Экскурсия повторилась, и мы снова застыли у портрета.

- Случай в своем роде единственный: я могу любоваться собой! - сказала Алиса Георгиевна. - Потому что это я и не я - это воображение Якулова…

Мы вышли на Бронную, когда еще не стемнело.

- Нет, нет, - запротестовала Ф. Г. - только по бульвару! А на Пушкинской возьмем такси.

И вот странно, как только мы поравнялись с театром, на том же самом месте, что и два часа назад, Ф. Г. снова заговорила о своей героине из спектакля "Деревья умирают стоя".

- У меня было в Бабушке и такое, чего Верико не делала. Наша ассимилированная испанка показала мне несколько движений знаменитого фламенко. Я даже пыталась танцевать с нею у себя дома. И потом перенесла одно движение на сцену. Нет, я при этом сидела, но этот жест был как воспоминание о молодости, вовсе не пресной!

Почему-то мне всегда хотелось на сцене танцевать. Ну, танец в "Сэвидж" вы знаете. Танец в "Золушке" в картину не вошел. А когда с Павлой Леонтьевной мы репетировали Риту Каваллини в "Романе", там я тоже порхала с наперсницами в каком-то хороводе, держа одной рукой край платья, а другой рассыпая воздушные поцелуи. Павла Леонтьевна очень смеялась, назвала мою грацию медвежьей и сказала:

- Фаина, поклянись, что никогда в жизни на сцене ты танцевать не будешь! Поклянись, слышишь.

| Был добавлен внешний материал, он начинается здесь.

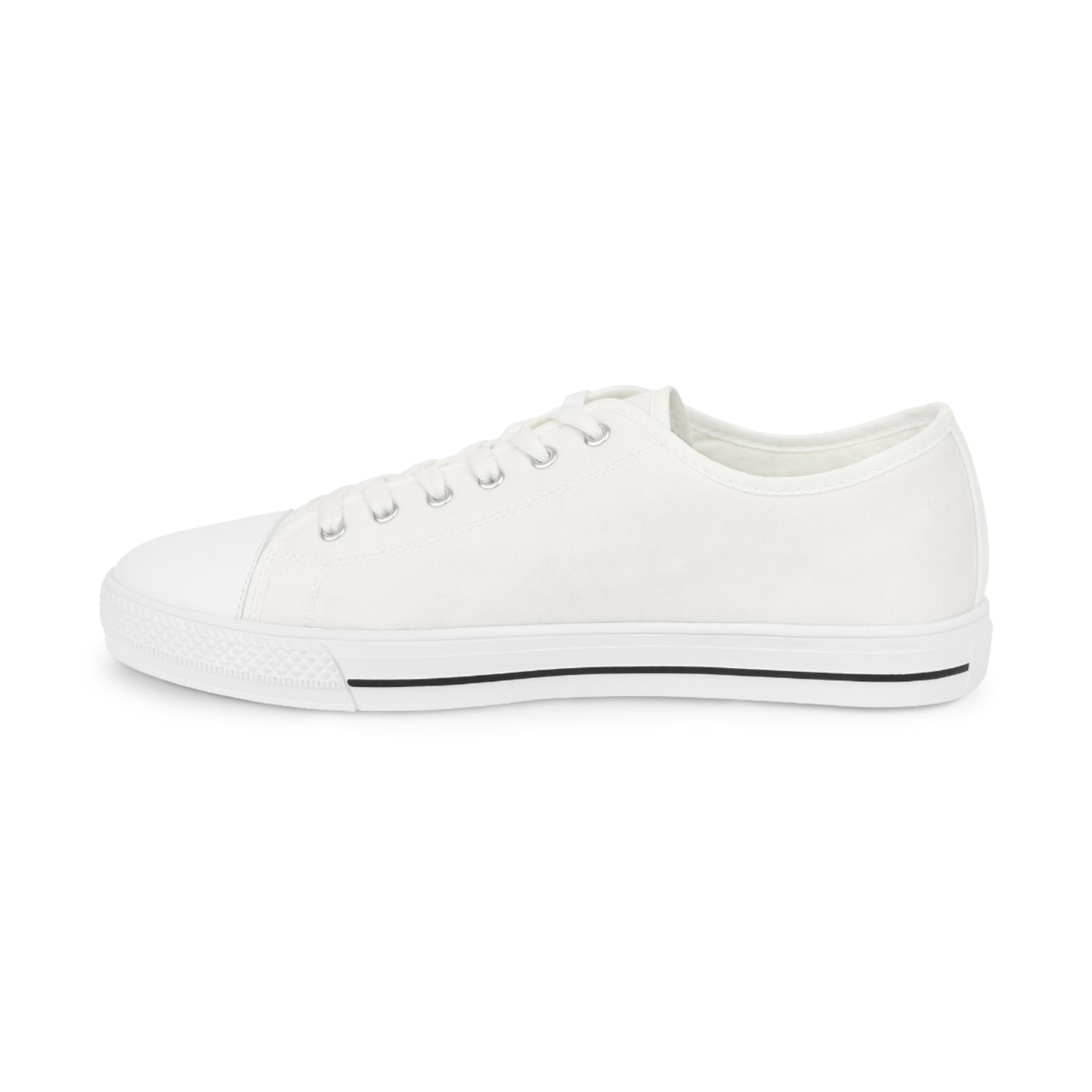 Cuban Link Guy / Low Top Sneakers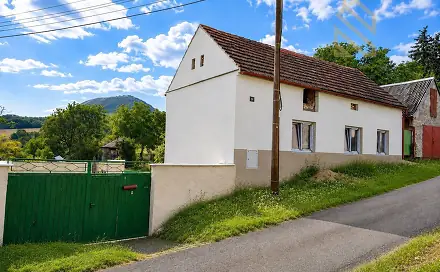 Prodej domu 85 m² s pozemkem 331 m², Chraberce, okres Louny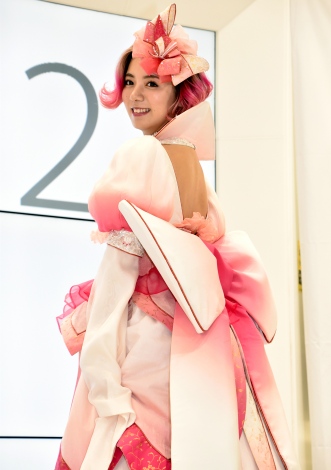 池田エライザの画像 写真 池田エライザ 親指姫 でイベント初登場 すごく楽しみにしていました 23枚目 Oricon News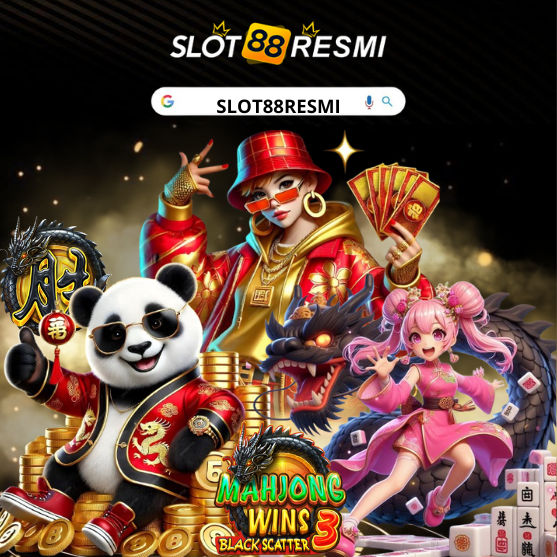 SLOT88RESMI: Link Login & Daftar Situs Slot Demo Hari Ini Mudah JP image 1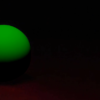 Perfect Manipulation Balls, 2 inch Green by Bond Lee - Image 2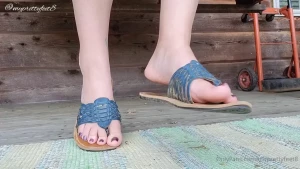 myprettyfeet8 Onlyfans leaked video 7124854 on Hotleaks.tv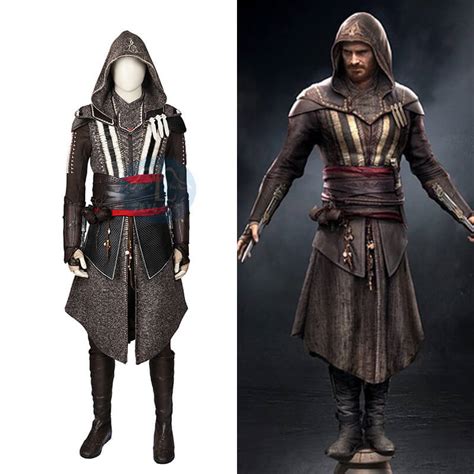 Assassins Creed Revelation Ezio Cosplay Costume Ubicaciondepersonas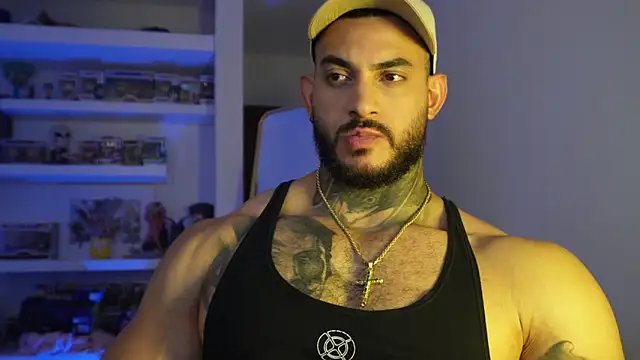 iamjackc  online show from July 13, 11:18 pm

Я поклялась. И теперь вы можете гордиться: вы знакомы с клятвоотступницей. Такое не часто встречается!

Прогулка по Кремлю

В Кремль мы собрались месяца через два. Было уже тепло, и деревья зазеленели.

- Если честно говорить, мне и не очень хочется бродить здесь,-сказала Ф. Г., когда мы миновали Спасские ворота. - Одного раза вполне довольно. До революции, как вы, конечно, не догадываетесь, я не удосужилась посетить этот символ государственности. Другие были заботы, и ничего, кроме малинового звона на пасху - со всех сторон, и из Кремля тоже, - не запомнила. Меня по легкомыслию больше интересовал Мюр и Мерилиз - там мне Гельцер поднесла чудную Шанель № 5. На такие духи моих денег не хватило бы.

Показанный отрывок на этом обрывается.